Палехские мастера живут артельно, коммунально, совместным трудом выстраивая свое необычное искусство. «Палехское возрождение» — часто встречающееся в книгах Е. Вихрева словосочетание — означает не только послереволюционную жизнь палехского искусства, но также явственно отсылает читателя к Возрождению в культурно-историческом смысле: итальянскому Ренессансу, Фландрии Тиля Уленшпигеля с их клубящейся художественной энергией, с их мастерскими и ремесленными корпорациями, прославленными артистическим неистовством мэтров, как у скрипичного мастера Луиджи, персонажа образцовой перевальской повести П. Слетова «Мастерство» (1929). Община искусства, деревня мастеров переживается Е. Вихревым едва ли не как воплотившийся на русской земле прообраз универсального искусства будущего — самостоятельного, но не своевольного, свободного и твердо полагающего себе незыблемые нравственные границы.

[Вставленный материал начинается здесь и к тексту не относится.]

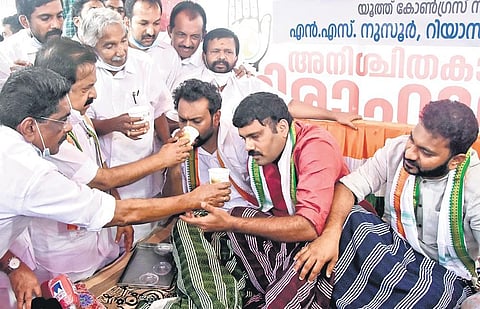 Ramesh Chennithala, Mullappally Ramachandran and Oommen Chandy offer lime juice to Youth Congress vice-presidents N S Nusoor, Rijil Makkutty and Riyas Mukkoli |B P Deepu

Глубина укорененности палешан, неотклоняющаяся прямота и цельность жизни мастеров, этический и самозабвенный характер их труда делают Палех своего рода «островом» и утопическим русским прибежищем. Эти люди знают себе цену, у каждого из них свой художественный норов, каждый, что называется, на свой салтык, но при всей своей индивидуальности, они, однако, совсем не индивидуалистичны, потому что — и это подчеркнуто автором — остаются людьми артели, представителями роя и строя, голосами общины и хора. И единственным, пожалуй, «индивидуалистом» во всем обширном вихревском документально-беллетризованном своде оказался бывший иконописец, бывший председатель комбеда, поэт и пропойца, чьи «Мемуары малограмотного сочинителя-самоучки. Факсимиле Александра Егорова Балденкова» Е. Вихрев присовокупил к жизнеописаниям своих любимых героев. «Конечно, никто не помянет меня в дальнейшем течении жизни человечества за культяпые мои стишки», — пишет Бедный гений Балденков (так он называл себя), Сашка Балда (так его звали другие), сидючи «в своей уединенной вилле, которую приютили сосны и ели…». — «Приходится мне самому быть и восторженным читателем своим, и беспристрастным критиком». Каждый человек неповторим, пишет Е. Вихрев, увлеченный на сей раз, вослед Лескову и Горькому, особостью личности, ее выпадением из роя, эксцентрическим и печальным ее чудачеством, так плохо вписывающимся в демотический распорядок и потому лишь оттеняющим его торжественную глубину.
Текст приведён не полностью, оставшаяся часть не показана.